Problem description> Transcribe the entries below without changing a word, and omit every picture.

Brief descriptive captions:
────────────────────────────────────────
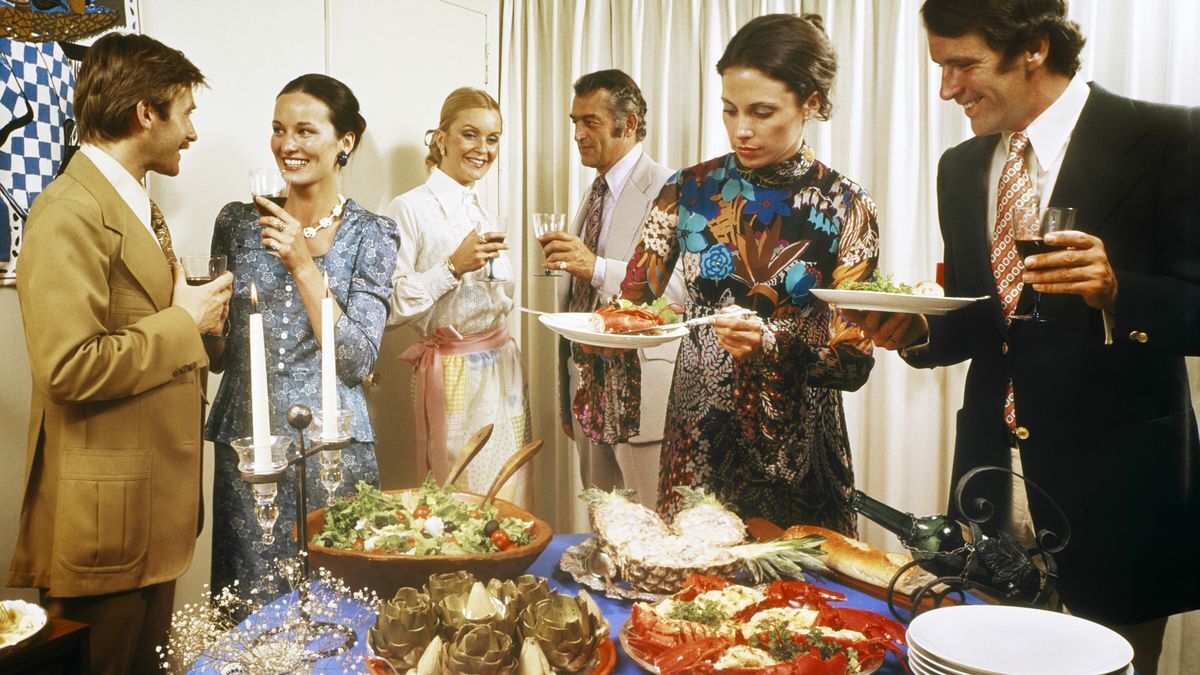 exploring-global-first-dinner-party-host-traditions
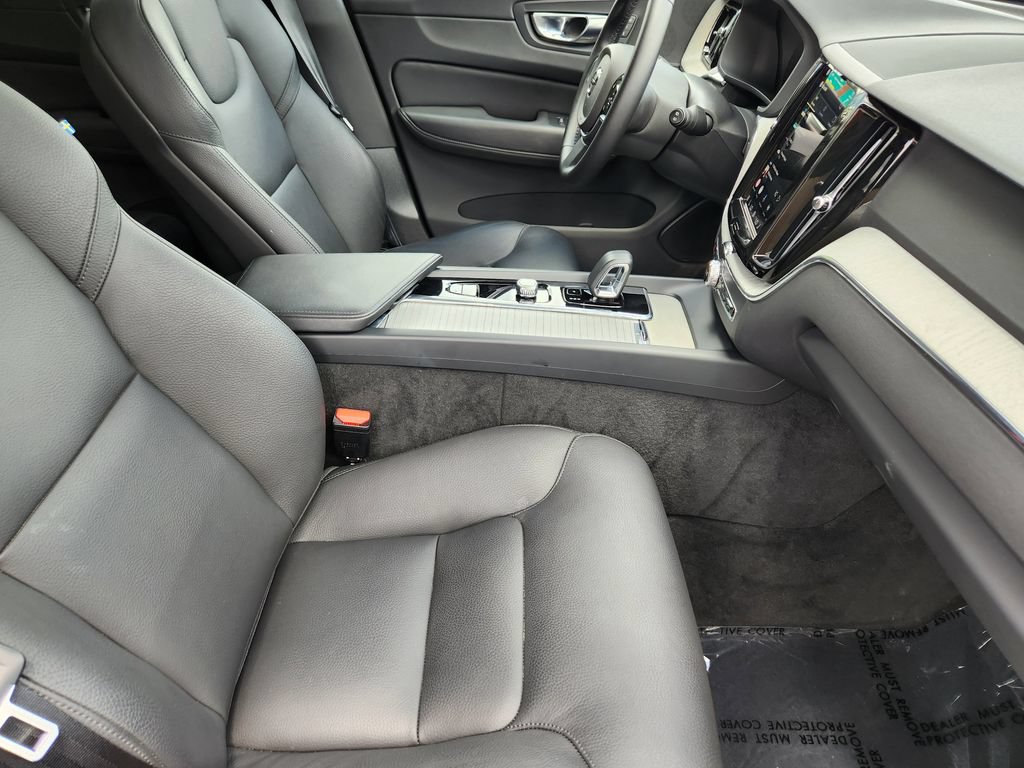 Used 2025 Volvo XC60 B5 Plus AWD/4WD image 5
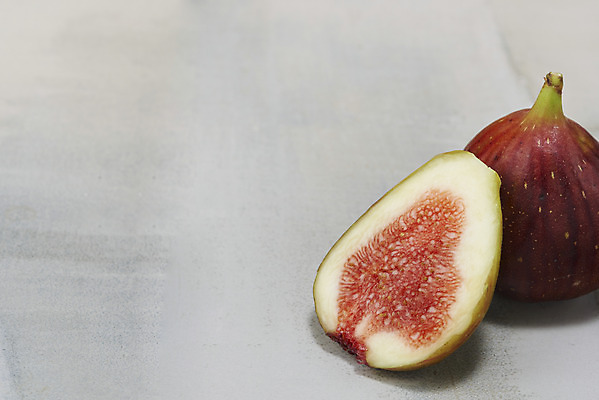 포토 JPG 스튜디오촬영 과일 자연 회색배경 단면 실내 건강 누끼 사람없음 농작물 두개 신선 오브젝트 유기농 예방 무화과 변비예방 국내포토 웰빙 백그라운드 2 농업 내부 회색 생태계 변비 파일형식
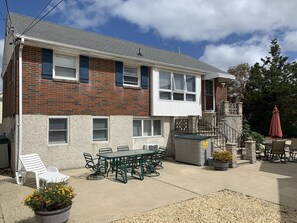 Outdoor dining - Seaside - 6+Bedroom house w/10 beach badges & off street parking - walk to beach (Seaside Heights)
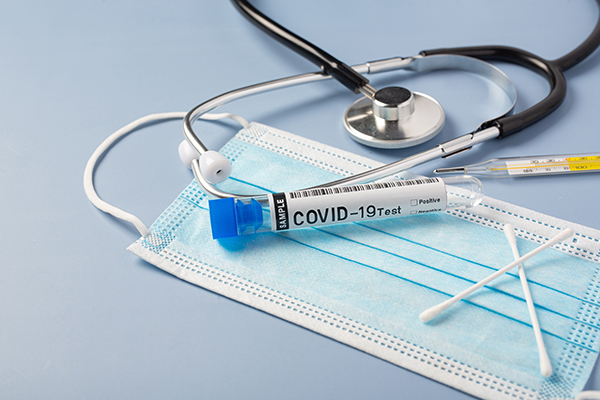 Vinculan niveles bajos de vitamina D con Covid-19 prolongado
────────────────────────────────────────
Finished task>
 exploring-global-first-dinner-party-host-traditions
 Used 2025 Volvo XC60 B5 Plus AWD/4WD image 5
 포토 JPG 스튜디오촬영 과일 자연 회색배경 단면 실내 건강 누끼 사람없음 농작물 두개 신선 오브젝트 유기농 예방 무화과 변비예방 국내포토 웰빙 백그라운드 2 농업 내부 회색 생태계 변비 파일형식
 Outdoor dining - Seaside - 6+Bedroom house w/10 beach badges & off street parking - walk to beach (Seaside Heights)
 Vinculan niveles bajos de vitamina D con Covid-19 prolongado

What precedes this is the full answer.